Learn more about the Mayan Riviera and the most alluring places of the Mexican coast.
The Mayan Riviera, or Riviera Maya in Spanish, is a 75 mi. (120 km) stretch of Caribbean coastline just south of the tip of the Yucatán Peninsula in Mexican state of Quintana Roo. The term Riviera Maya was coined in 1999 by the mayor of the municipality of Solidaridad, Miguel Ramón Martín Azueta, and is generally defined as starting in Puerto Morelos, approximately 10 miles south of Cancun, and ending in the town of Carillo Puerto, 25 miles south of Tulum.
The Mayan Riviera is a major vacation destination with its ideal average weather of 75-77°F (24-25 °C), beautiful white sandy beaches and crystal clear blue waters. Large all-inclusive resorts dominate the industry but boutique hotels, luxury villas and yacht charters are also available for accommodation. A visitor can dine in a multitude of fine restaurants that are scattered throughout the region and enjoy a variety of activities and excursions.
The Mayan Riviera possesses the second largest barrier reef system in the world and is home to a many aquatic activities such as jet skiing, snorkeling, scuba diving, dolphin encounters and sailing. More adventurous visitors can go on jungle tours, zip-lining, horseback riding and much more. Other major tourist attractions include visits to the various Mayan archeological sites in the area as well as to the natural eco-park reserves.
Major Cities & Attractions:
Akumal is a beach front village excellent for viewing sea turtles, swimming and snorkeling. 2.5 mi. (4 km) to the south is Aktun Chén, an underground river and subterranean cave.
Cancun, with its international airport, is the gateway into the Riviera Maya and a major touristic destination. The island tourist zone of Cancun is shaped like the number seven with bridges connecting it to the mainland. Apart from lounging on the beach, Cancun offers a broad range of activities, theme parks, dolphin encounters and shopping. Additionally the city attracts tourists of all budgets due to its extensive variety of hotels ranging from relatively inexpensive motels to high-priced luxury hotels. Cancun also is home to some small Mayan ruins: Las Ruinas del Rey and El Meco. You can also take a tour inland to Chichen Itza, the ruins of the Mayan Empire capital city and UNESCO World Heritage site.
Playa del Carmen
Playa del Carmen, originally a fishing town, became a popular tourist destination for people trying to escape crowds. Located just across the channel from Cozumel, an island famous for scuba diving and frequented by cruise liners, Playa del Carmen boasts nice beaches with turquoise water and cenote (natural well) diving.
Xcaret Eco-park, just south of the city, offers a butterfly pavilion, underground rivers, a Mayan village re-creation, various water activities, as well as animal and fauna exhibits.
Approximately 3 mi. (5 km) south of Playa del Carmen is Río Secreto (Secret River), an underground labyrinth of a stunning underground river with thousands of dramatic stalactites and stalagmites.

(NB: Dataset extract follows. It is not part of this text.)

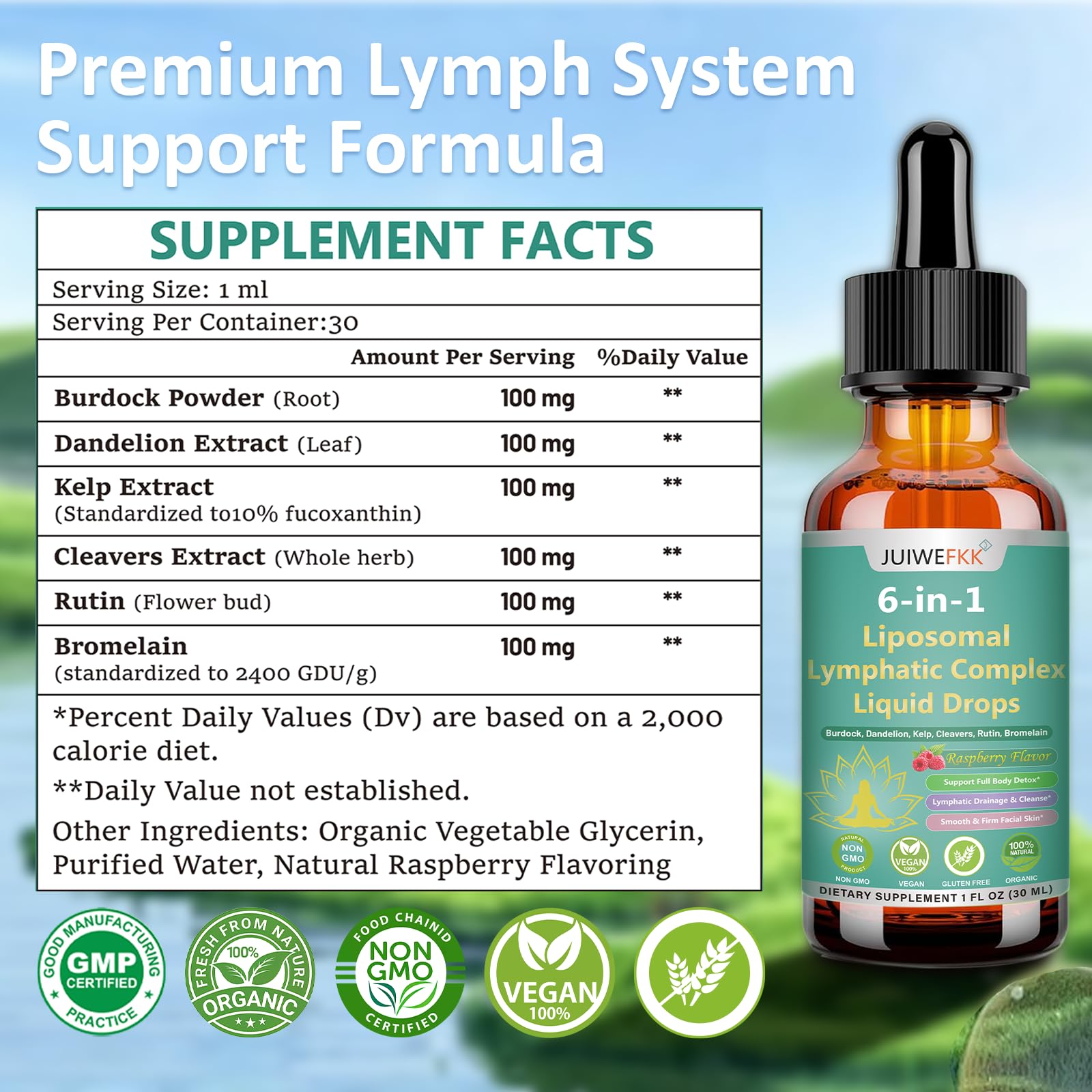 Lymphatic Drainage Drops, 6-IN-1 Lymphatic Complex w. Burdock Dandelion Kelp Cleavers, New Maximum Potency Lymph System Support for Bloat Balance Cortisol Immune Full Body Detox & Skin Vitality JUIWEFKK Au supplements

Puerto Morelos is a small fishing town and port between the mainland of the Yucatán and Cozumel Island. Less crowded and more affordable resorts are abundant in Puerto Morelos making it another ideal tourist destination.
The Crococun Crocodile zoo, Botanical Gardins and cenote routes are increasing tourism here. Puerto Morelos' coast forms part of the Parque Nacional Marino (National Marine Park) of the Mesoamerican Barrier Reef System, the second largest reef in the world. The reef's proximately to the shore makes it an ideal place to snorkel, dive or windsurf.

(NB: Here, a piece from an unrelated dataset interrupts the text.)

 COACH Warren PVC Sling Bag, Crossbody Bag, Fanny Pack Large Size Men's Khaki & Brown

Puerto Aventuras is a residential community resort for those who want a relaxing vacation. It is a world renowned full-service facility, designed exclusively so that the beach is visible from any location.
The main activity in Puerto Aventuras is relaxation; but it is also great for sailing, fishing, scuba diving or dolphin encounters. It also has a marina and a golf course for guests to enjoy.
Tulum was discovered by the Spaniards in 1518, is town divided into four main areas: the town, the tourist hotel zone, the biosphere reserve and UNESCO World Heritage site of Sian Ka'an and the archaeological site featuring Mayan ruins. Tulum's ruins are the best preserved remnants of a Mayan walled-city perched on a 39 ft. (12m) cliff with a picturesque backdrop of the Caribbean Sea. The site is relatively compact and is the third most visited archaeological site in Mexico, after Teotihuacan and Chichen Itza.